Put it this way… al-Zawahiri is a man of the past. I don't think he really understands what is happening, and also, al-Zawahiri has always been fixated with Egypt! That particular group of individuals who have followed him… they always thought that whatever happens in Egypt is what's going to make everything in the rest of the Arab world sway one way or another. Obviously that's not the case.

Are there any points in the mainstream media's Cliff Notes narrative regarding the rise of ISIS that you find particularly hyperbolic?
Yes! That "[IS] is the richest terrorist organization in the world!" It's not true! It's absolutely not true. I mean, the PLO, in the 1990s—and this is according to the CIA, which I think this is a quite conservative estimate—could manage, lets call it the GDP, between $8 billion and $12 billion! The PLO had vast amounts of money, far outstripping the best estimates of ISIS's coffers. The difference with ISIS, though, is not the amount of money, it's how the money is administered. How they're actually running the business of running a state, which is very very good. The Financial Times, of all places, had an entire page, explaining that these guys were actually running their finances as a multinational company in terms of dealing black market oil—replete with nice compensation packages for their employee-recruits.
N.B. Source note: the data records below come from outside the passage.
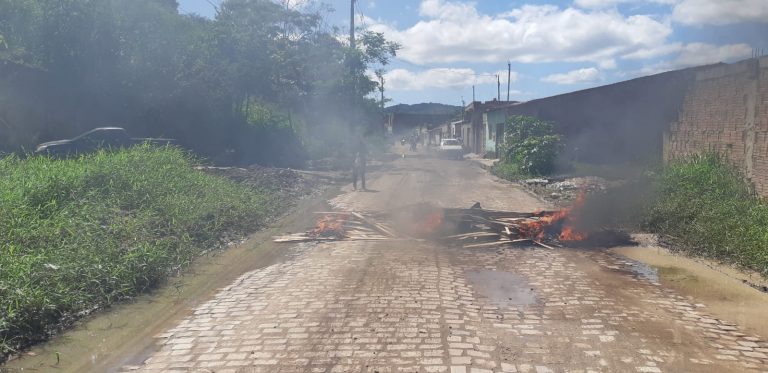 Moradores fazem protesto por melhorias em bairro de Campo Formoso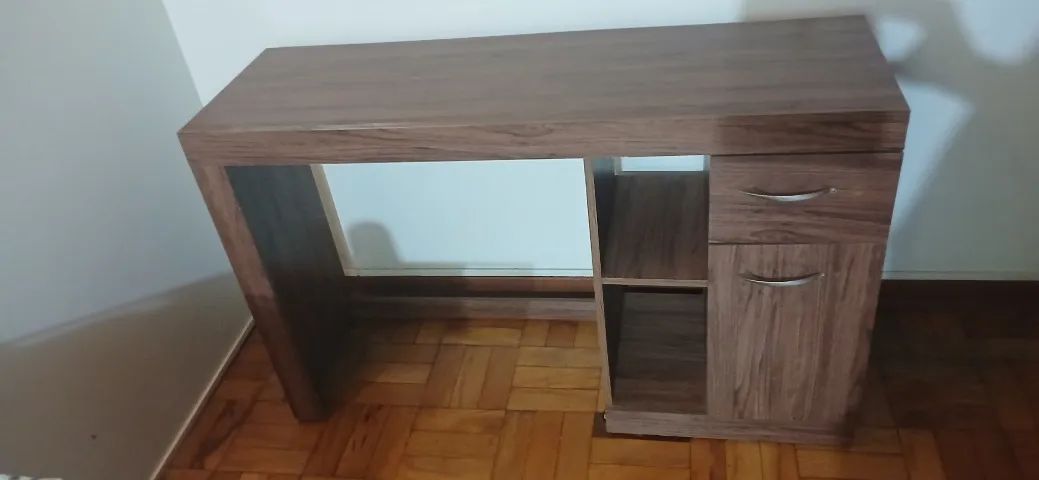 Escrivaninha para notebook em madeira
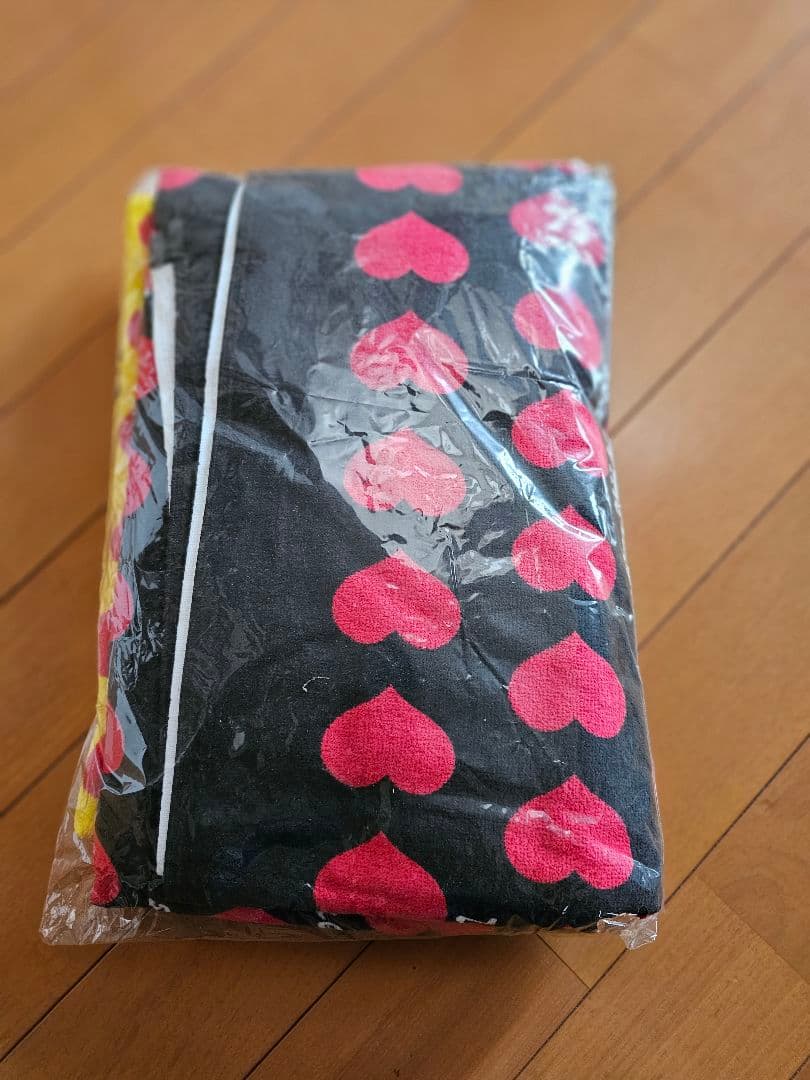 X JAPANヒデ　バスタオル　セット売り　イエローハート　ブラックハート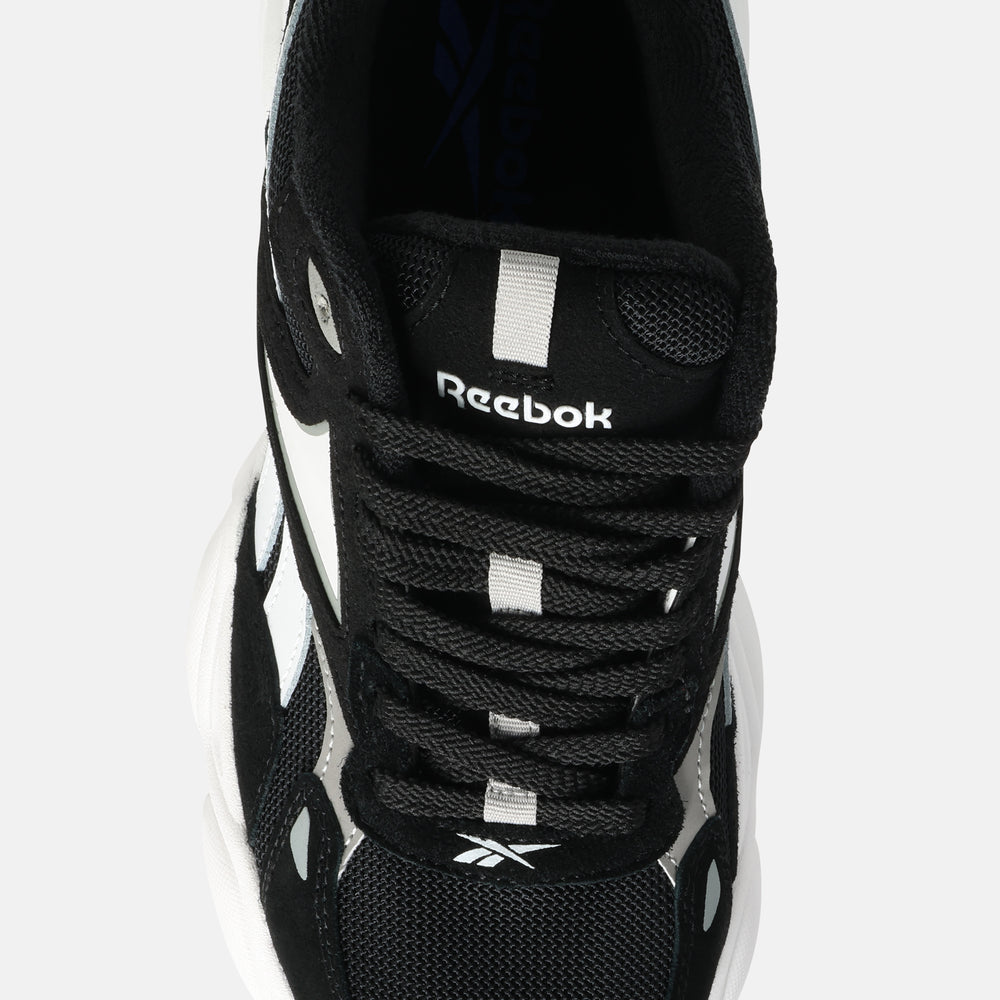 Reebok Charge Run (5)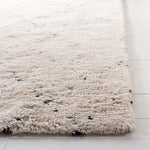 Safavieh Casablanca 914 Rug, CSB914 - Ivory / Black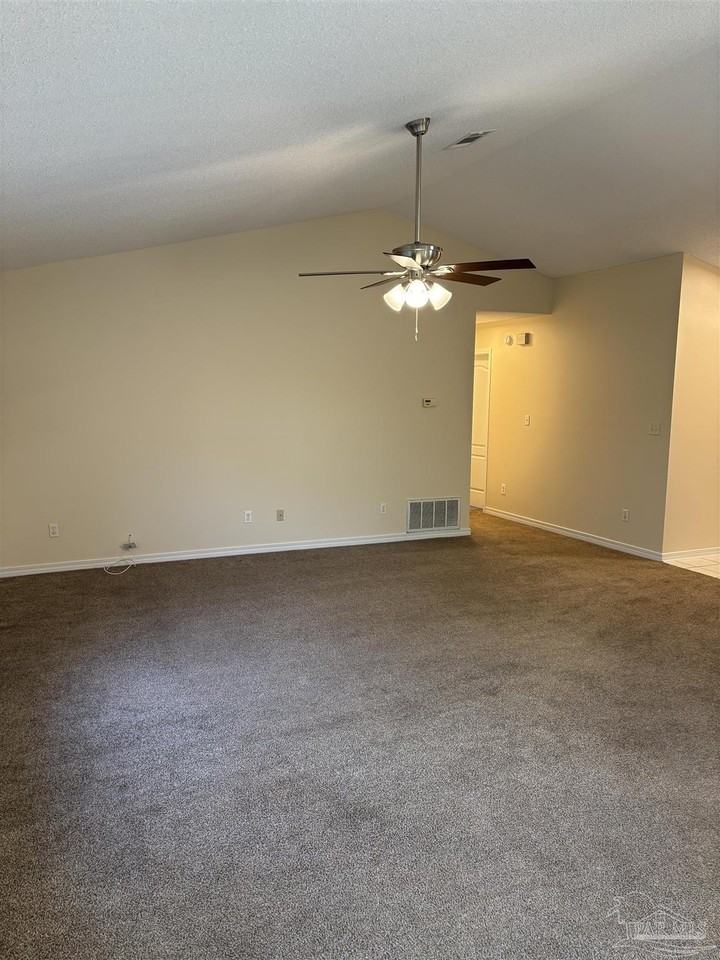 1607 Dees Rd - Photo 4 of 26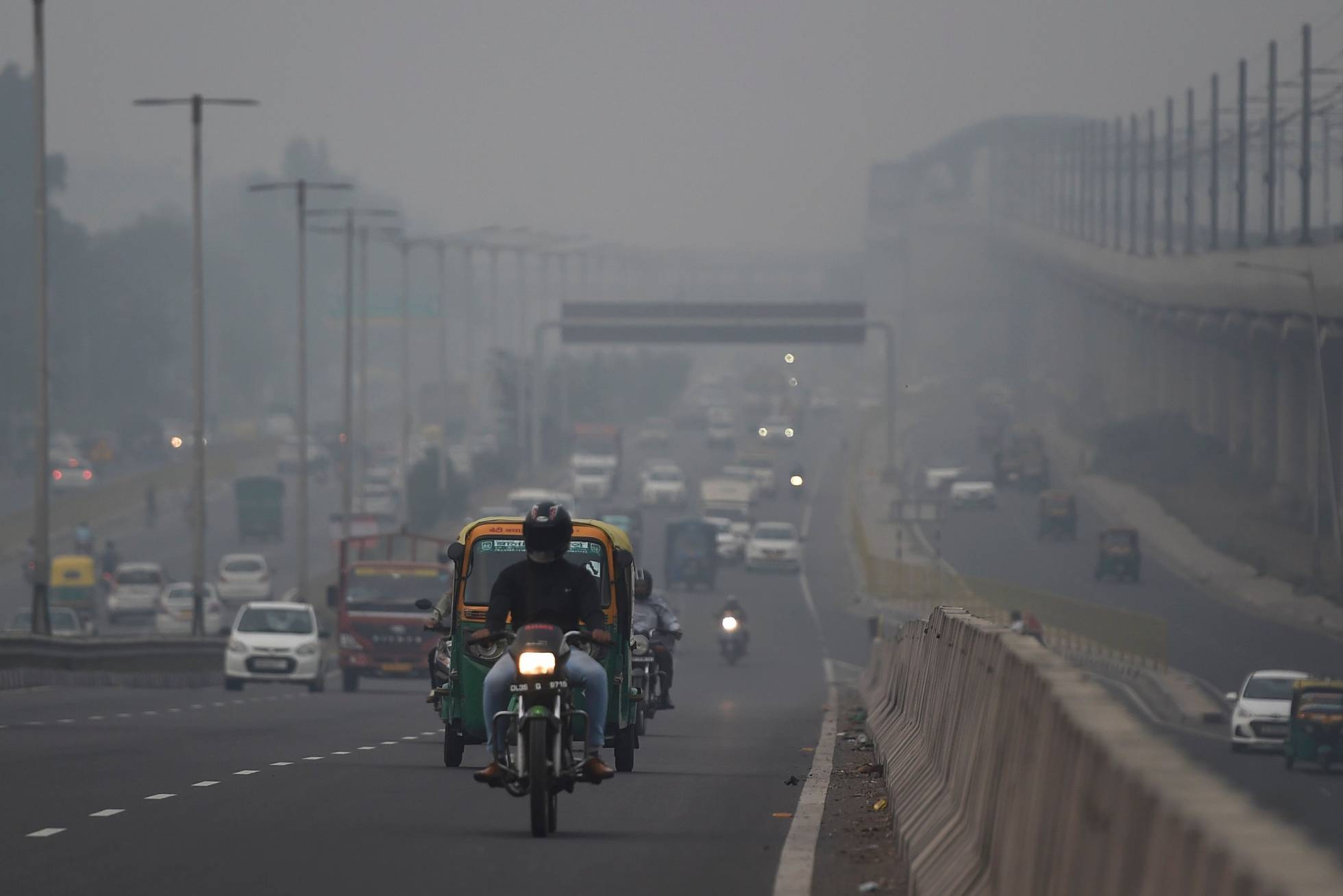 Adictos al CO₂: cómo cambiar un modelo económico que lleva al desastre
But what about the distinction between al-Qaeda and ISIS, on an operational level, that you make in your book. Can you pinpoint an X factor?
Yes, it's that everything is seductive. So… if in the late-90s you went to Afghanistan you would have been submitted to the Iraqi structure of al-Qaeda, where Mister Osama bin Laden, born with a silver spoon… well now, there's an alternative. You go to somebody like you, or at least somebody who is making you believe they are like you. That you're identical to those who went just six months before… this is seductive. This is what people don't understand: to its followers, everything is seductive about ISIS. Including the fact that women are not a part of it. I mentioned this point at a conference we had about the yesterday, and it was a bit controversial, but they understood, it's true: it's very hard for young men to deal with women these days! Because women are difficult, in the sense of their needs. I see it with my kids.

The Islamic State, in some ways, has created a utopia where even women don't exist! You go with your friends, your boys to be a part of this amazing, beautiful experience—you're heroes, you're fighting! And there's not a woman nagging you about doing this or not doing that—if you're in your twenties, and you have a dream like this, you don't want to deal with girlfriends! You don't! They give you a wife! This is what people don't understand, the idea that there are much more important things than one's personal love life. It's like, "I am building a state! You think I can bother with my personal life?" This is at the core of IS's success.